Note that this is interpolated somewhat from the chart on p142 with respect to Velocity Factors (allowing even numbered VLF's).

5) Combat Maneuvers

Maneuver OCV DCV Damage
Move-By -2 -2 (STR/2) + (VLF)d6
Move-Through -(VLF) -3 (STR or MASS) + (VLF)d6
Combat Throw - - (STR)
Non-Combat Throw Zero - (STR)
Move-By is handled just as before; the only change is the added damage is based on VLF rather than (Velocity/5).

Move-Through is somewhat changed. Move-through can represent any sort of impact now: from a football player charging to a shotput slamming into a wall. If the attacker is moving under his own power (i.e. running, flight) then he has the option of using his STR or his Mass Factor (the STR needed to lift him) in order to determine his damage.
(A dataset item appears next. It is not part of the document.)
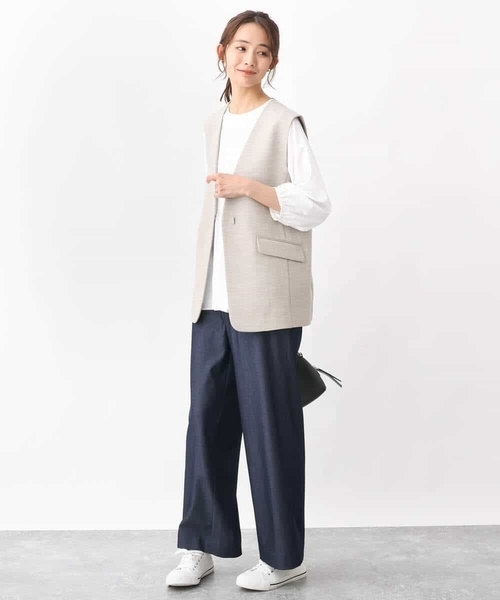 MK MICHEL KLEIN ベスト ジレ リネンライクナチュラルV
He will take half this damage if he does Knockback, or the full amount if he does no Knockback.

Example: An animated statue is charging at someone. The statue has 5 levels of Density Increase, but only 20 STR. It will use its 'Mass Factor' of 35 in order to get a base damage of 7d6+(VLF)d6.

Uncontrolled Move-Through
If the attacker is moving not under his own power (i.e. he was thrown, is falling, gliding, etc.) then he must use his Mass Factor rather than his STR to determine damage. This is used to determine the damage from a runaway train, for example.

Note that a powered vehicle can use the greater of its STR or MASS, as long it is driven into the victim. A car which is sliding out of control, on the other hand, uses only its MASS to determine damage.
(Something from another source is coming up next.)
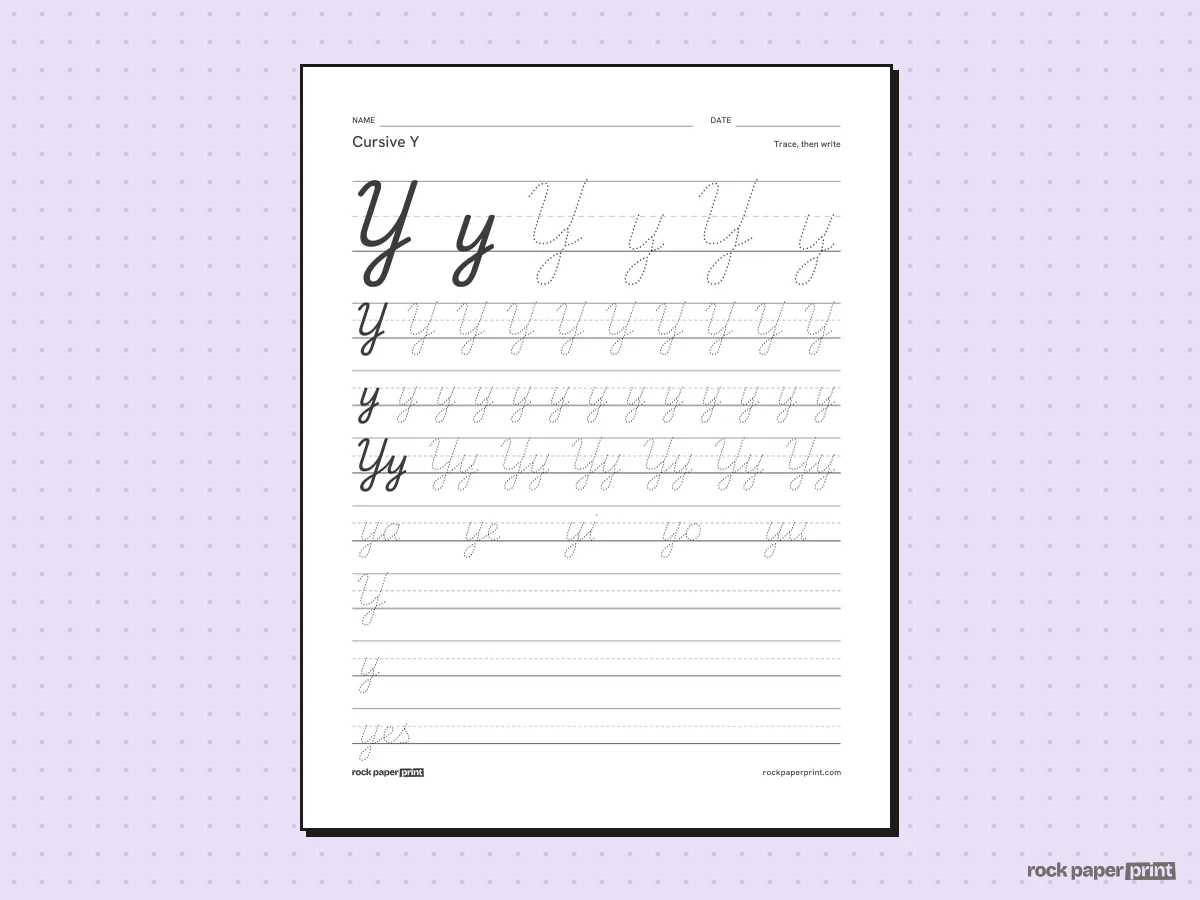 Cursive Y, black lines, printable PDF preview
Furthermore, if the attacker is a living being, and is not in control of his movement, then the damage which he takes from the Move-through is doubled. That is, if he does knockback to his target, he takes the full amount of damage he did. If he fails to do knockback to his target, he takes twice as much damage as he did to it. This is because he was braced badly for the impact.

A successful Breakfall roll (with GM determined penalties) halves this damage - thus making it as usual for a Move-Through.

Falling Damage

Falling damage is identical to an uncontrolled Move-Through on the ground. Since presumably the target does no knockback to the Earth, he takes damage of MASS+VLF, doubled unless he successfully makes his Breakfall roll (remember that there is a penalty for distance fallen).

Example: A normal person is falling at terminal velocity \(30'' x 12 = 360''/turn \). This is VLF 9. His MASS is 10, since it takes 10STR to lift him. Thus he takes 2d6 for his mass, +9d6 for velocity (11d6 total), which is doubled to 22d6 unless he makes his Breakfall roll (which is vitually impossible given the penalty for distance fallen).


I have also decided to use my tables for throwing distances. From your STR you can quickly get the Velocity Factor with which you can throw an object, which is then translated into a range.

The speed and range of a throw is figured out in terms of how much your STR is greater than the Mass Factor of the thrown object. This amount, divided by 5, is the VLF of the velocity with which you throw the object. Of course, this neglects the unwieldiness of throwing the object and air resistance for unaerodynamic objects (\ie a blanket). The GM should feel free to impose penalties to the VLF as well as penalties to the thrower's Range Mod for unbalanced/unaerodynamic objects.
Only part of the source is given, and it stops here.